PROBLEM STATEMENT:
Pictures excluded, output exactly the lines from the one containing "North Austin Civic" through the last line of the listing below.

### THE DATA

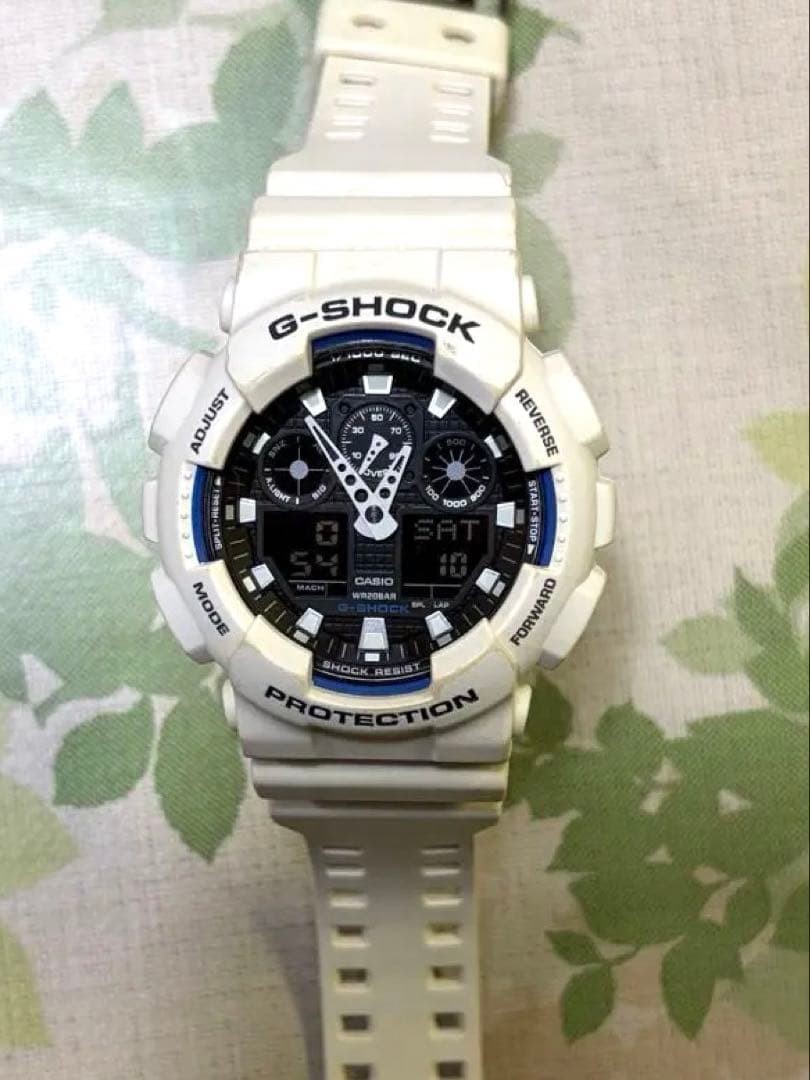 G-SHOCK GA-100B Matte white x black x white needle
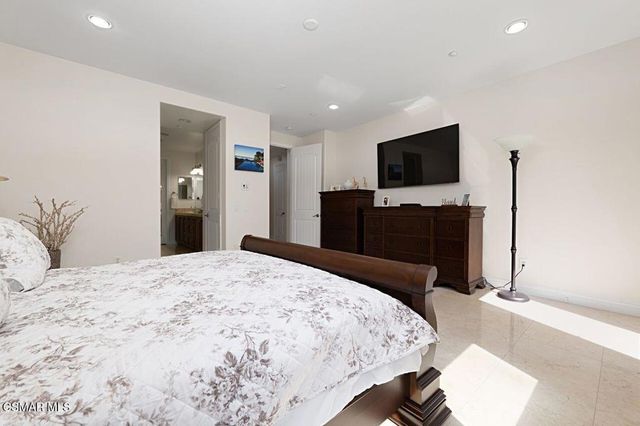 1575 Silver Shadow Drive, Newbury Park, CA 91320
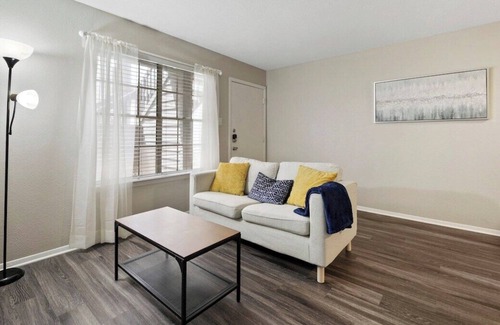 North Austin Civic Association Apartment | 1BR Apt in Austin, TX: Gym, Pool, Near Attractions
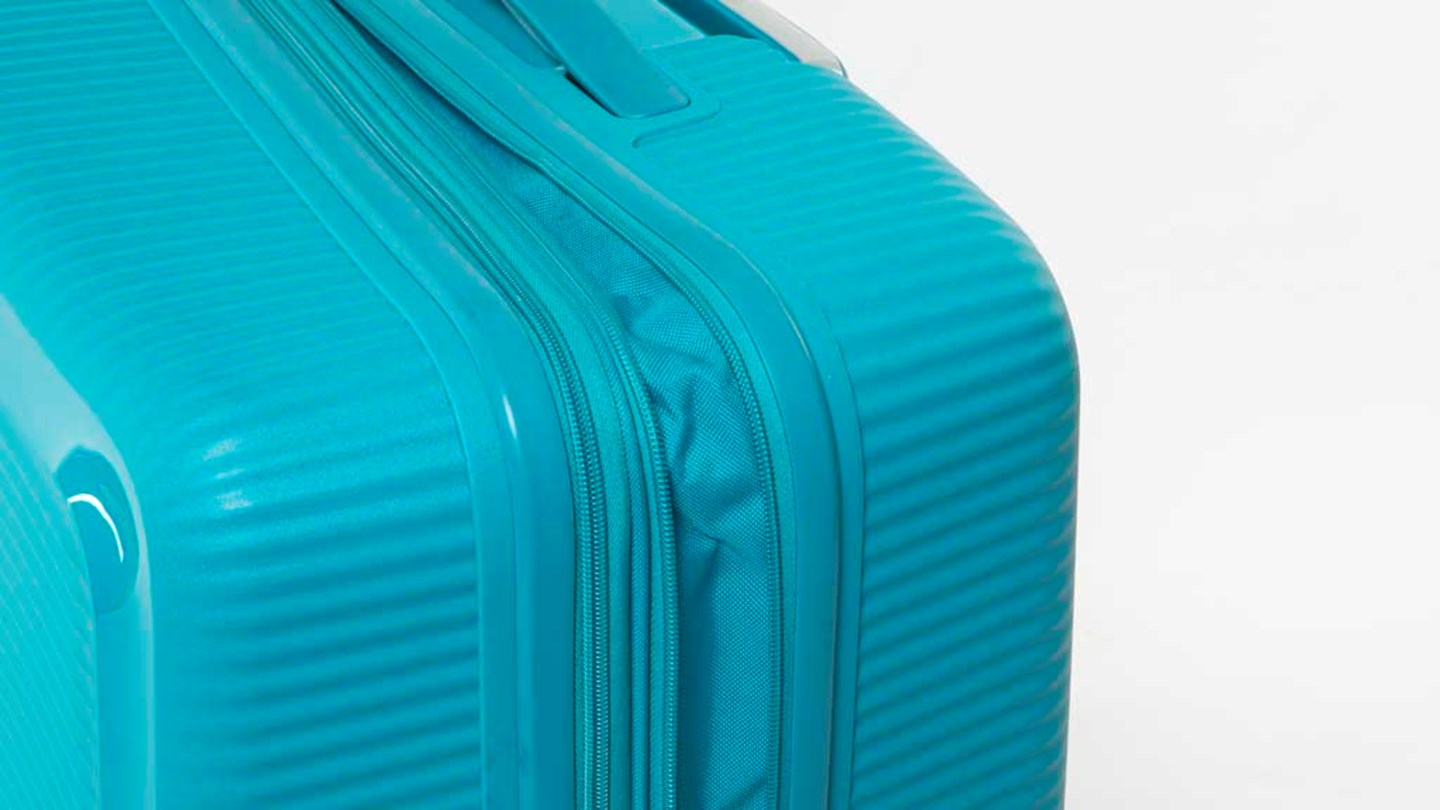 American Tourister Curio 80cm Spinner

######

YOUR RESPONSE:
 North Austin Civic Association Apartment | 1BR Apt in Austin, TX: Gym, Pool, Near Attractions
 American Tourister Curio 80cm Spinner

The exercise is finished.